Schon vor 35 Jahren spielte Dave Holland solo in der Kneipe Ange d’Or, wo das Festival Jazzdor seine Anfänge nahm. Die 37. Ausgabe eröffnete das neue Quartett des legendären Bassisten mit Lionel Loueke (g), Chris Potter (sax) und Eric Harland (dr) mit einem Paukenschlag. Schon im ersten Stück griffen die vier Virtuosen in die Vollen. Das abschließende „Sleepless Night“ sprengte schlichtweg das Gehirn und ließ das Publikum sprachlos zurück.
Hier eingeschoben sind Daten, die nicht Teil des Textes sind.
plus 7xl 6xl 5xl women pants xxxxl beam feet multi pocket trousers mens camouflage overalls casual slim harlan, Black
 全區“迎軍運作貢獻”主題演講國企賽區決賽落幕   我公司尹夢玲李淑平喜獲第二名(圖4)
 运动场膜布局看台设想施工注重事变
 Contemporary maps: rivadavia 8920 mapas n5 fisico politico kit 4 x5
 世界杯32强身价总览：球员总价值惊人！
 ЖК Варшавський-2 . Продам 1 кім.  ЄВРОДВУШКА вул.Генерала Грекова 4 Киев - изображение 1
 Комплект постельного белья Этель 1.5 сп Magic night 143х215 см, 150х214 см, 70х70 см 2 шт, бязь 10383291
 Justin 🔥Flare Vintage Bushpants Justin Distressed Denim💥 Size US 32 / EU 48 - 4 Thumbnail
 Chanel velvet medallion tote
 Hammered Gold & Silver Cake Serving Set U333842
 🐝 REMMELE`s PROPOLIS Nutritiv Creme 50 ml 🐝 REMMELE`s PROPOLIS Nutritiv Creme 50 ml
Auch die Nachmittagskonzerte im Rahmen von Jazz Migration in der Cité de la Musique et de la Danse hatten Interessantes zu bieten. Jazz Migration bietet jungen Musikern an den Randbereichen des Jazz die Möglichkeit aufzutreten. Mit Bratsche, Gitarre, Bassklarinette und dreistimmigem Gesang spielte das Trio Suzanne eine schöne Kombination aus Folklore, Barock und Jazz. Psychedelik und knallharten Rock auf Harfe, Querflöte und Schlagzeug hatten die drei Frauen von Nout zu bieten. Die sehr hörenswerte Musik von Cocolite mit Keyboards, Bass, Drums und viel Elektronik ist zwischen Rockjazz und Bombastrock angesiedelt.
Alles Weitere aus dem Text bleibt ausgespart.